## WHAT YOU NEED TO DO
Find the line below with "BBC photo of" and the line with "A piece of mushroom". Output them and the lines between, exactly, but not the pictures.

## DATASET
————

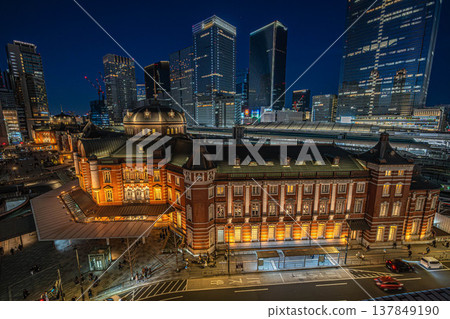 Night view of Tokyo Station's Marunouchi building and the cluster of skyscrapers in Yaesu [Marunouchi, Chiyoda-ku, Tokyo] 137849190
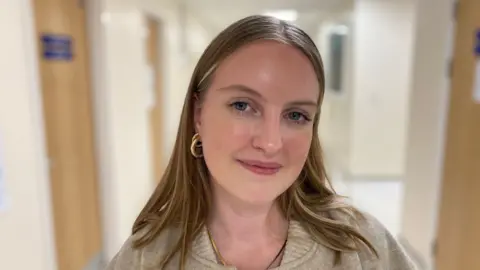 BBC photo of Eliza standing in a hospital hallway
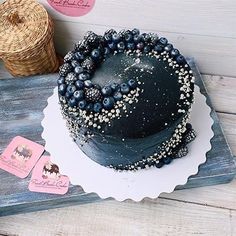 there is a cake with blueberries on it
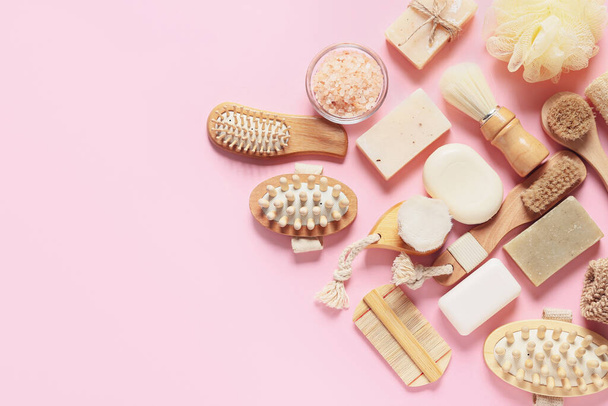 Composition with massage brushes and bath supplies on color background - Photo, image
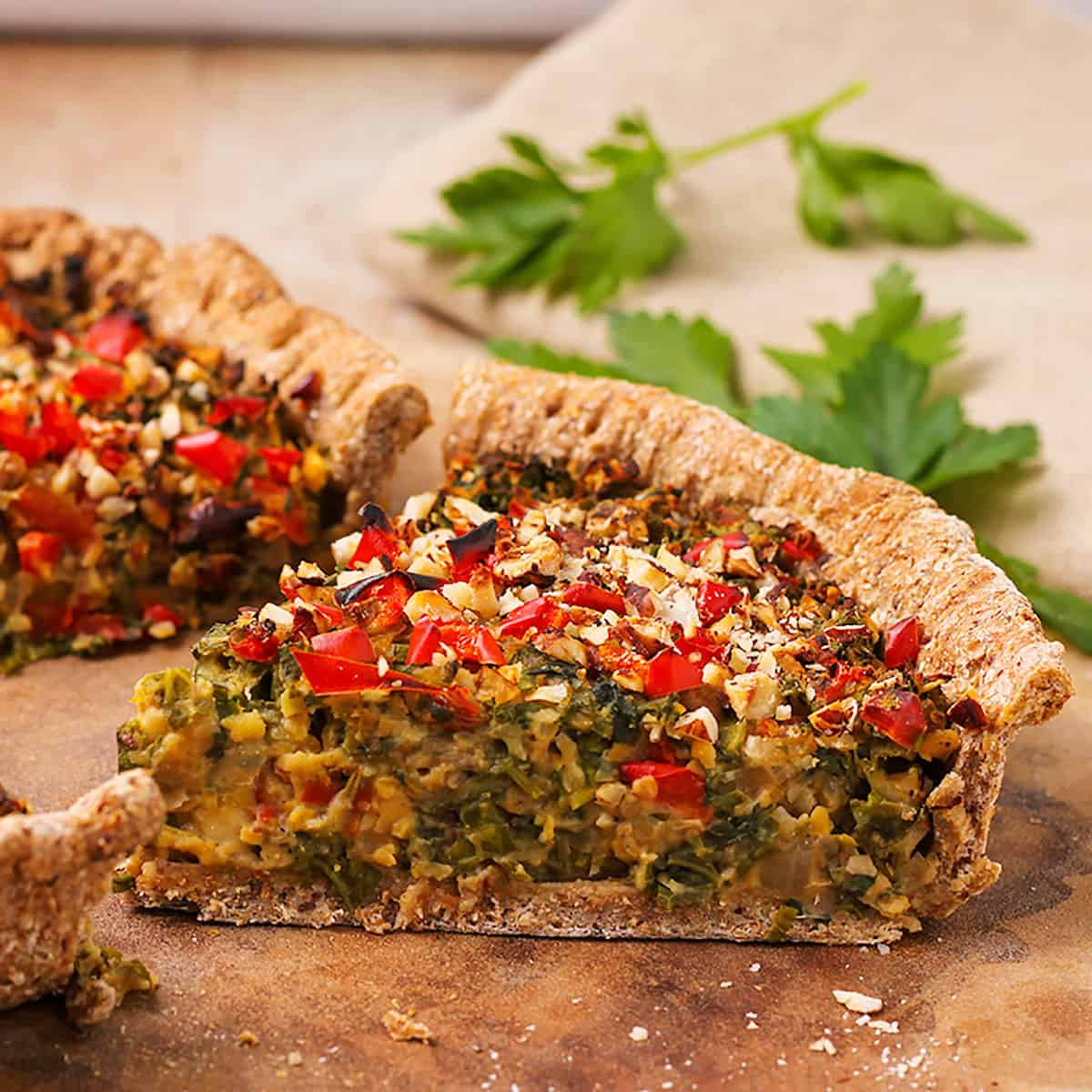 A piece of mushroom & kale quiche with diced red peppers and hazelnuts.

————

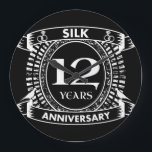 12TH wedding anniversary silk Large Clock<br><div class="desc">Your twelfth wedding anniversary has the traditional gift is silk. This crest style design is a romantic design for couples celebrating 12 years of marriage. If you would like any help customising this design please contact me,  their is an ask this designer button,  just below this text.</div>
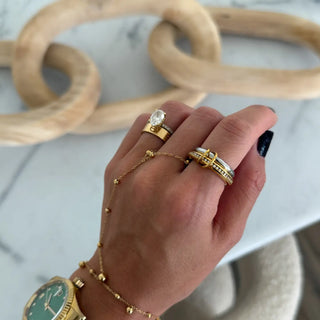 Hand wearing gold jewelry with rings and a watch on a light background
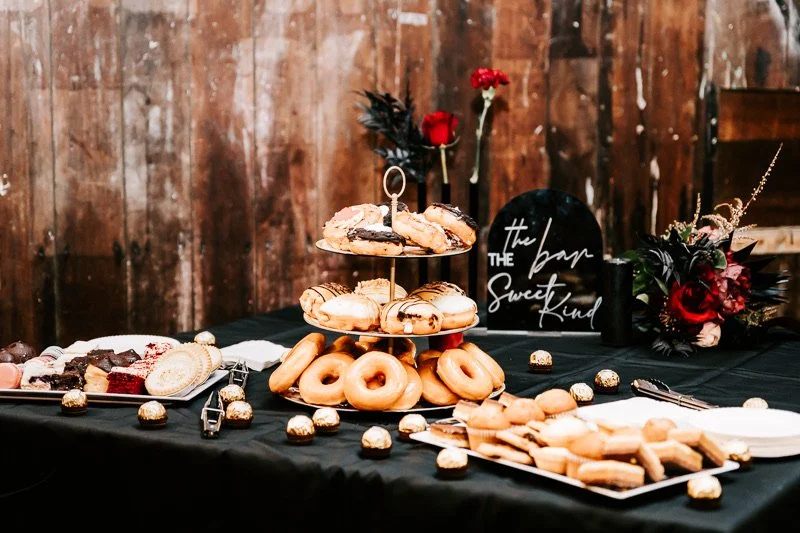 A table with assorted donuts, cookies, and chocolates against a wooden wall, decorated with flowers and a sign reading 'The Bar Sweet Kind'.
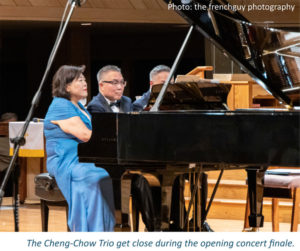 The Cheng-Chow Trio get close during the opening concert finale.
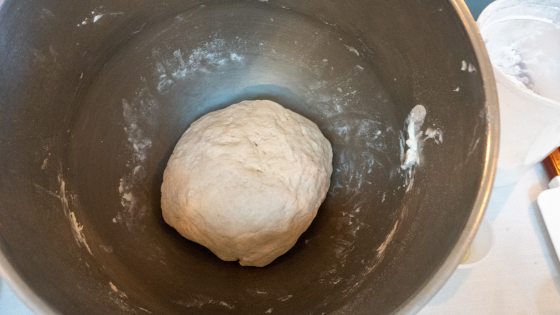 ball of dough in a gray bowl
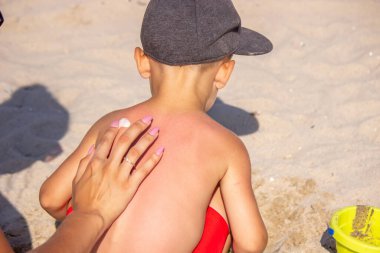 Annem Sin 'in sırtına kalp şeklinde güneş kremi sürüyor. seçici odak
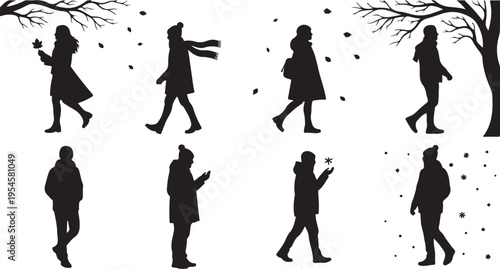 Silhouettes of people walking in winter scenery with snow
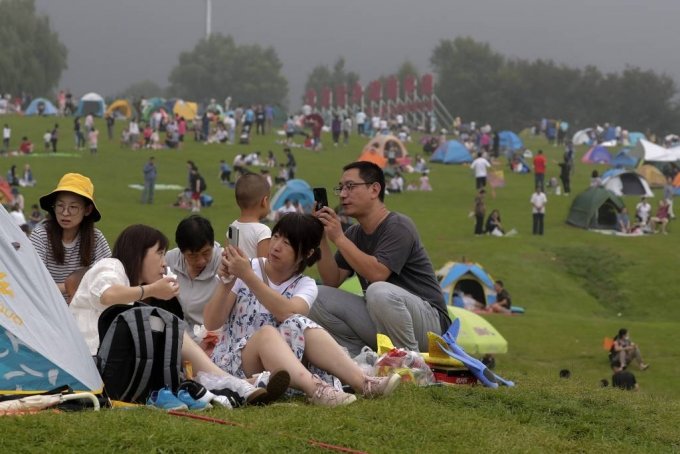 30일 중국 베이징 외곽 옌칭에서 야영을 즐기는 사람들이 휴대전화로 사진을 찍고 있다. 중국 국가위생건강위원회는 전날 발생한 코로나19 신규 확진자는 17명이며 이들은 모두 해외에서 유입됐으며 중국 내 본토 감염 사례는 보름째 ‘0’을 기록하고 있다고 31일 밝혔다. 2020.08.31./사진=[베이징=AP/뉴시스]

————

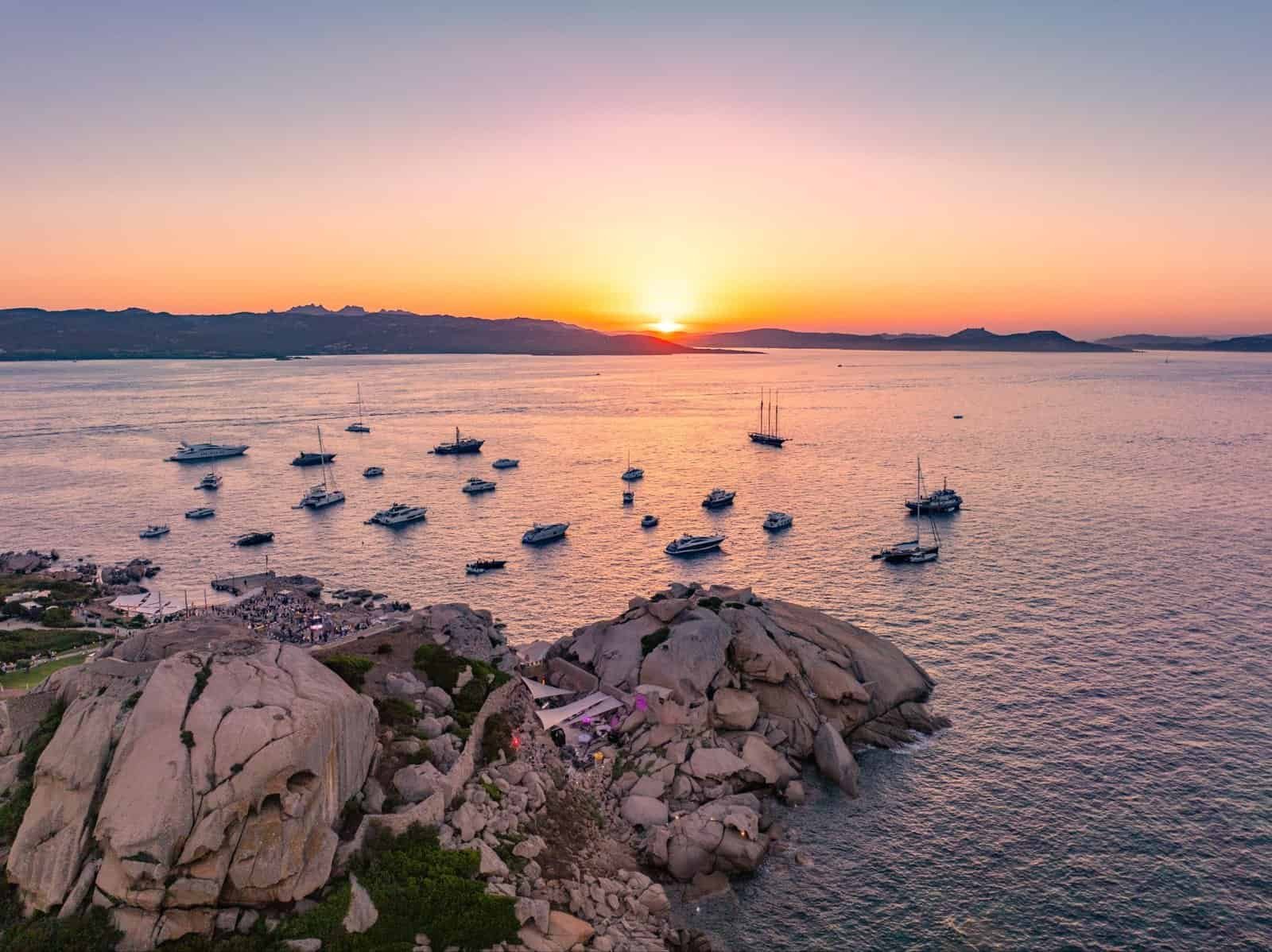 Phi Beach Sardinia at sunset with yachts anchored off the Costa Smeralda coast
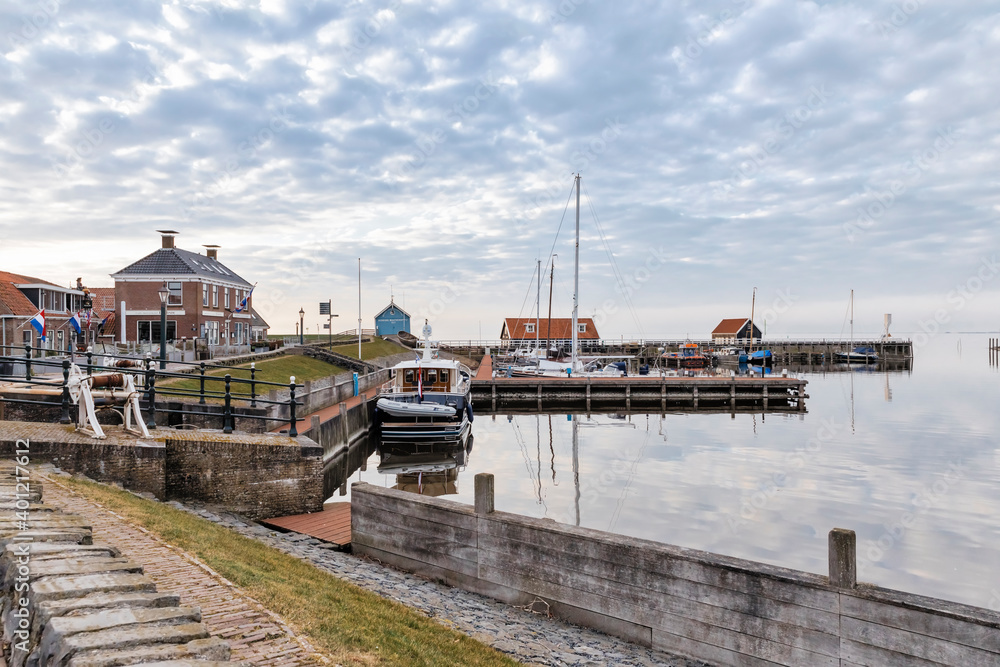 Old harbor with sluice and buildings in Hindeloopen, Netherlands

————

## RESPONSE FOR THIS EXERCISE
 BBC photo of Eliza standing in a hospital hallway
 there is a cake with blueberries on it
 Composition with massage brushes and bath supplies on color background - Photo, image
 A piece of mushroom & kale quiche with diced red peppers and hazelnuts.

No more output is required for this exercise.